How to determine the order of acidity of the following dimethyl nitrophenols

Question

This is how I went about it, although I got a wrong answer:

1. 3,5-Dimethyl-4-nitrophenol (2) shows the nitro group to be sterically hindered, due to which it should go out of plane and this will be an example of the steric inhibition of resonance. Hence, there will only be a weak withdrawing inductive effect, and no resonance. Thus, this should be the least acidic.

2. 4,5-Dimethyl-2-nitrophenol (3) shows a hydrogen bonding between the nitro and the hydroxyl group, due to which there will be a lower tendency to release the proton. Hence, even this should be less acidic.

3. Between 2,6-dimethyl-3-nitrophenol (1) and 2,4-dimethyl-5-nitrophenol (4), (1) should be weakly acidic due to the hyperconjugation destabilisation caused by the two methyl groups, and hence the answer should be (4), with lower hyperconjugation, lower induction from the methyl groups, and higher induction from the nitro group (no resonance at the meta position).

However, the answer is given to be (2), which I ruled out first.

Can someone please explain what is happening, and where I've gone wrong?

Answer 1

The right answer should be 3 as the $\ce{NO2}$ group has a negative mesomeric effect, which is only possible with 3. In 2, due to steric inhibition of resonance, it exhibits only -I effect, and although 3 contains H-bonding, it slightly affects acidity.

Answer 2

$\ce{-NO2}$ is an electron-withdrawing group and $\ce{-CH3}$ is an electron-donating group and the effect of these groups can be observed at ortho- and para- position of the ring with respect to the functional group attached to the ring.
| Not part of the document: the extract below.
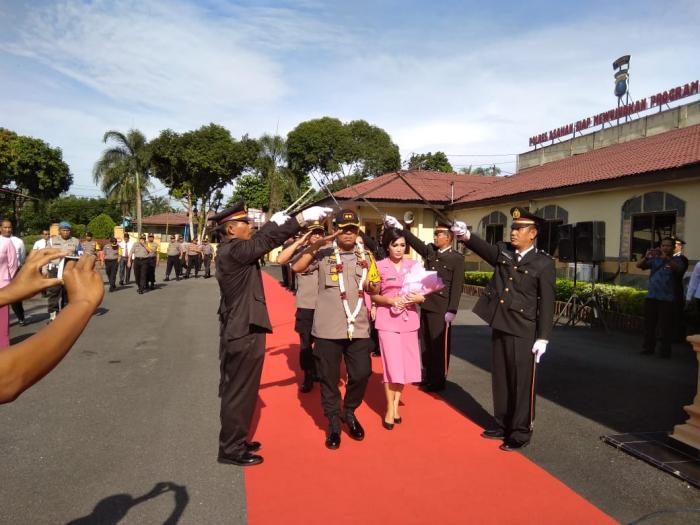 AKBP Faisal Napitupulu Disambut Pedang Pora di Polres Asahan 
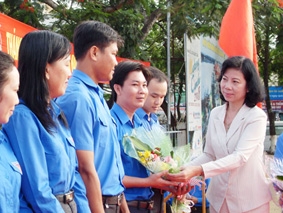 Tuổi trẻ Cần Thơ ra quân Tháng Thanh niên năm 2009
in the above resonating structure of toluene you can see -ve charge in o-, p- position, similarly in nitrobenzene you can see positive charge in o-, p- positions, and $\ce{-OH}$ group attached to electron deficient carbon or positively charged carbon release $\ce{H+}$ more easily. Considering all this condition second option is the only option where carbon to which $\ce{-OH}$ is attached is getting positive charge and not getting a negative charge, so $\ce{-OH}$ is ready to loose $\ce{H+}$.